REQUIREMENT: Report every line of the records below that includes the string "Avenue".

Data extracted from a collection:
▼▼▼
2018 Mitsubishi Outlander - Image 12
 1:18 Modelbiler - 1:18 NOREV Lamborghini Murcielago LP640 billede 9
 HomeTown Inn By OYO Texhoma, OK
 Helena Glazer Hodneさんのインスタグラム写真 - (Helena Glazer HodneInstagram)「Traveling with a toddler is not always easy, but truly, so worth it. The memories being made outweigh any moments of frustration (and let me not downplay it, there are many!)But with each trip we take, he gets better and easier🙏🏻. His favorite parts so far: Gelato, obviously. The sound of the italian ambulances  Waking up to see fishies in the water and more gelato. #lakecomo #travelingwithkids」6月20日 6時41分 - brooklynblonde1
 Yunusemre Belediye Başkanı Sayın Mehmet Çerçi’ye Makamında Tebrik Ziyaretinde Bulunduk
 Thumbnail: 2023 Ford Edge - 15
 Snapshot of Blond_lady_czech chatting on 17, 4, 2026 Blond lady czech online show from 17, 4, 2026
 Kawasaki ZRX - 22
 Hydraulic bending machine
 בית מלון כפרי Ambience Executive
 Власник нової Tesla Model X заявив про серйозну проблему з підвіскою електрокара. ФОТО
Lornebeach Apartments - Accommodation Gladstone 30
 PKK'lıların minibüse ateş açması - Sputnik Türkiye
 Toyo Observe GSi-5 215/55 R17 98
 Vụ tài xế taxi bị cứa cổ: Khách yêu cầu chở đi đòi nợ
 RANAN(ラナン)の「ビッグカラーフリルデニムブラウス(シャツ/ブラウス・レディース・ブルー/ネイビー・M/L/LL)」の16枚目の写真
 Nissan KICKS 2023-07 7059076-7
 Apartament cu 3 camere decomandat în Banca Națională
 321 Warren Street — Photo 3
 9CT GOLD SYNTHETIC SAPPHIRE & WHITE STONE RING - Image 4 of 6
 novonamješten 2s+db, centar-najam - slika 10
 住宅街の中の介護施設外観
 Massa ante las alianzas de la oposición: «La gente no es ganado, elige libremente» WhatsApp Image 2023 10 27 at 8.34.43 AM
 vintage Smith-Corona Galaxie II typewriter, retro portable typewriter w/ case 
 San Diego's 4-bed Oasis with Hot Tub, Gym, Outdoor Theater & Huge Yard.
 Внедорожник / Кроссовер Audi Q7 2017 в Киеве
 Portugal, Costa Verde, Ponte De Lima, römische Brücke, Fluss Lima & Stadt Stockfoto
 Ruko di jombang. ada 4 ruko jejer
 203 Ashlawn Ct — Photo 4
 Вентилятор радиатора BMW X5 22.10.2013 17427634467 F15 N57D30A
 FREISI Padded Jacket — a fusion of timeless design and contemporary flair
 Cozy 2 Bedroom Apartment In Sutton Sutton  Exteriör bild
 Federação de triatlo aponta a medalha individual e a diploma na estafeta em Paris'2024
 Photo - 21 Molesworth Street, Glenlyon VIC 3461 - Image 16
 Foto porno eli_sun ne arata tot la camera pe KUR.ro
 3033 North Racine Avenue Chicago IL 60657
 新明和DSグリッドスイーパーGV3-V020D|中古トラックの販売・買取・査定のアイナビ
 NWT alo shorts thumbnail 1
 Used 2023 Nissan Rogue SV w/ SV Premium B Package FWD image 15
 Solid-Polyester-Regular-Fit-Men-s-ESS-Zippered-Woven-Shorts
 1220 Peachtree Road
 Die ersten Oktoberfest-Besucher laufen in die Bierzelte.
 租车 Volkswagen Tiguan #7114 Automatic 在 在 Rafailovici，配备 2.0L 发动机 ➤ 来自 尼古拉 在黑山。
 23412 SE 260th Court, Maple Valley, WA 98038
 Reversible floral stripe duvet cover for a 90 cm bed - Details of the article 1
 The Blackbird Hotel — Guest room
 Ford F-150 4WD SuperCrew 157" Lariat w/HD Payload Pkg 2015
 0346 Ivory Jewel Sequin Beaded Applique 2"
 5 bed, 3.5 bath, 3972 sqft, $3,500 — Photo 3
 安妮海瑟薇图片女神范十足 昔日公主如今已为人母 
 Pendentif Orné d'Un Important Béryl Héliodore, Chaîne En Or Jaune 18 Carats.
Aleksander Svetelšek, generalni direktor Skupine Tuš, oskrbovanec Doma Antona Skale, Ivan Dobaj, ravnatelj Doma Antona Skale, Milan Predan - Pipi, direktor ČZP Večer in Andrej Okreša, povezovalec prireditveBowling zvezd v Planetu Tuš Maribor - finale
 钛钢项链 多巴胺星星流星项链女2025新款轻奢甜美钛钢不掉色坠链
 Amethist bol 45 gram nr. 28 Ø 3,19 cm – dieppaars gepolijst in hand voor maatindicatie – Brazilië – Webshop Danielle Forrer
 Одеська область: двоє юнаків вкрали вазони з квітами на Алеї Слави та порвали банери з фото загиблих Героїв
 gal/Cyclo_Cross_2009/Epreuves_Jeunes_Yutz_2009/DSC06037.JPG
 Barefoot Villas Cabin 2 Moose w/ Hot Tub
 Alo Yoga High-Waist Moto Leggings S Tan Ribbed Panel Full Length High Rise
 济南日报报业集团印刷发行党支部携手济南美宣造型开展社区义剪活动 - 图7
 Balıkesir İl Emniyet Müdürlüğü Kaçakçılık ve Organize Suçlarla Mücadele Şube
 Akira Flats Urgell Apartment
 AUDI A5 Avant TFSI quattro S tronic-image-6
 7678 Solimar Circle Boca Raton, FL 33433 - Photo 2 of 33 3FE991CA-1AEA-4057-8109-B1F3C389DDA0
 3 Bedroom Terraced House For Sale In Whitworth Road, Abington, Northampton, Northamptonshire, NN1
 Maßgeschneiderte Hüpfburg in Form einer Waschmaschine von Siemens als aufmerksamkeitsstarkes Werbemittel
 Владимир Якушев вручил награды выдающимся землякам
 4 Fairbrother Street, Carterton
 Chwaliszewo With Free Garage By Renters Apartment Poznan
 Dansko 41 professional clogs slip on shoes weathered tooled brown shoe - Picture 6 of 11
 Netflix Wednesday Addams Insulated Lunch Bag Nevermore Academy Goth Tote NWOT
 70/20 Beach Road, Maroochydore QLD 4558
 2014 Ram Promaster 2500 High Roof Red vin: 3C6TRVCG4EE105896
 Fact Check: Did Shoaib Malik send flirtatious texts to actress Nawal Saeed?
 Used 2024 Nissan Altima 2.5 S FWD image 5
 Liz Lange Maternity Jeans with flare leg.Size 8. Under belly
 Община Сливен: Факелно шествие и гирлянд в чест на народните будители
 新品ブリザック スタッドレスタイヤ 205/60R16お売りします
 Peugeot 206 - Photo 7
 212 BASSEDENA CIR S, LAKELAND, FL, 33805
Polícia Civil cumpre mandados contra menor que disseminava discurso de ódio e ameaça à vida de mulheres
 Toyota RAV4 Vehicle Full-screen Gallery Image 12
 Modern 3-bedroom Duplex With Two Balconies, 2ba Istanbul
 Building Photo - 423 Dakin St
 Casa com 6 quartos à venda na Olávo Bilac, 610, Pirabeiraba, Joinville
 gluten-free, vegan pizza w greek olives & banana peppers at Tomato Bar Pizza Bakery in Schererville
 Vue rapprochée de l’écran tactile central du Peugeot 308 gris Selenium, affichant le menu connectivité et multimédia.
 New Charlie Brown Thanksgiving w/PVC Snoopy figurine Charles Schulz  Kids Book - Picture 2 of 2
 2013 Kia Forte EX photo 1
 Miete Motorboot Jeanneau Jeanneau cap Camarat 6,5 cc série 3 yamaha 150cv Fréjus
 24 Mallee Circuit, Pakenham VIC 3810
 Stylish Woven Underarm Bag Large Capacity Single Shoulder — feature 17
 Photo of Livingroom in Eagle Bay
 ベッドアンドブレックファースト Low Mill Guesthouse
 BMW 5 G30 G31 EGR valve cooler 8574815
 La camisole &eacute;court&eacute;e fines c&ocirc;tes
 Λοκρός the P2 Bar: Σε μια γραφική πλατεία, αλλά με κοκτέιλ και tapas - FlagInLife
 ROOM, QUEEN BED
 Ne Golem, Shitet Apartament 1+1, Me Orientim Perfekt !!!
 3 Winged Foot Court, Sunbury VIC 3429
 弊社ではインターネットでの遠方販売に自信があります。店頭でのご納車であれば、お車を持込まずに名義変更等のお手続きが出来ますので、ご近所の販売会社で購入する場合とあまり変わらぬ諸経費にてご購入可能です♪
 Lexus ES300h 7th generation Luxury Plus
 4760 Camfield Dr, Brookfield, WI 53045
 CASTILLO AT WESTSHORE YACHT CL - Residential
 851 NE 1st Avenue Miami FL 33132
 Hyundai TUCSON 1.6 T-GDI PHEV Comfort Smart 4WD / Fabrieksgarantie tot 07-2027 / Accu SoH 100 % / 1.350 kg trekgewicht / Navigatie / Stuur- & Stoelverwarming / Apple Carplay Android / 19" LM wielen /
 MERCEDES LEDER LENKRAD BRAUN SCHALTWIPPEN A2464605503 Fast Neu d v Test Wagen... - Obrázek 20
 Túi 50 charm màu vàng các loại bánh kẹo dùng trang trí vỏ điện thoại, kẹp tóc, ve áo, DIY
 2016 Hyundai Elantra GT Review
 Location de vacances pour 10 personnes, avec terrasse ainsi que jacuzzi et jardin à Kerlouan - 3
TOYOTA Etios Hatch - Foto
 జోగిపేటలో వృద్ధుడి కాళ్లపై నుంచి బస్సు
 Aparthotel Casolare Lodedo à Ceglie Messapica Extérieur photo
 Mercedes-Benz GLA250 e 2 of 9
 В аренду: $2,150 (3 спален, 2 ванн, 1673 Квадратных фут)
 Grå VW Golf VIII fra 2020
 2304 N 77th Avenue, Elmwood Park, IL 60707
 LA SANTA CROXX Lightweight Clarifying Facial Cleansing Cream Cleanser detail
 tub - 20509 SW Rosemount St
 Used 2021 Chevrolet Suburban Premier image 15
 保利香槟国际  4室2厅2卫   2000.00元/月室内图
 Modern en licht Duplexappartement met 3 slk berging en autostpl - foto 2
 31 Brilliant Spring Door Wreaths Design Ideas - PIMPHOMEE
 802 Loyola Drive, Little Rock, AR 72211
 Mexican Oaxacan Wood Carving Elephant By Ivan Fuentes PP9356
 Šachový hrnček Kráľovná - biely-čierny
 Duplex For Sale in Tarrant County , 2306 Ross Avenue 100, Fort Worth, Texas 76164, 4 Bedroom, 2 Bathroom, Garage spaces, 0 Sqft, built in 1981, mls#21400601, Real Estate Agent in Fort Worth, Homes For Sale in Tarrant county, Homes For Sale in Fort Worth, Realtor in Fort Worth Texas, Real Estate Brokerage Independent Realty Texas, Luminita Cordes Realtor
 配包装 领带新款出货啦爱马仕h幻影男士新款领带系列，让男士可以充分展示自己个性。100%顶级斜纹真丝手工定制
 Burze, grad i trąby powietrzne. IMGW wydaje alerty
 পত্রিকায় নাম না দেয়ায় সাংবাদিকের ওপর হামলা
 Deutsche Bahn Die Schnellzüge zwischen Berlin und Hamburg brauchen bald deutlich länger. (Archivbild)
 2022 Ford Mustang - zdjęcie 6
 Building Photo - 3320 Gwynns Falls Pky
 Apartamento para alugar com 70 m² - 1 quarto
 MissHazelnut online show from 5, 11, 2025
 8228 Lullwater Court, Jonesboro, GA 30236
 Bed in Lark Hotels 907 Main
▲▲▲
EXERCISE OUTPUT:
 3033 North Racine Avenue Chicago IL 60657
 851 NE 1st Avenue Miami FL 33132
 2304 N 77th Avenue, Elmwood Park, IL 60707
 Duplex For Sale in Tarrant County , 2306 Ross Avenue 100, Fort Worth, Texas 76164, 4 Bedroom, 2 Bathroom, Garage spaces, 0 Sqft, built in 1981, mls#21400601, Real Estate Agent in Fort Worth, Homes For Sale in Tarrant county, Homes For Sale in Fort Worth, Realtor in Fort Worth Texas, Real Estate Brokerage Independent Realty Texas, Luminita Cordes Realtor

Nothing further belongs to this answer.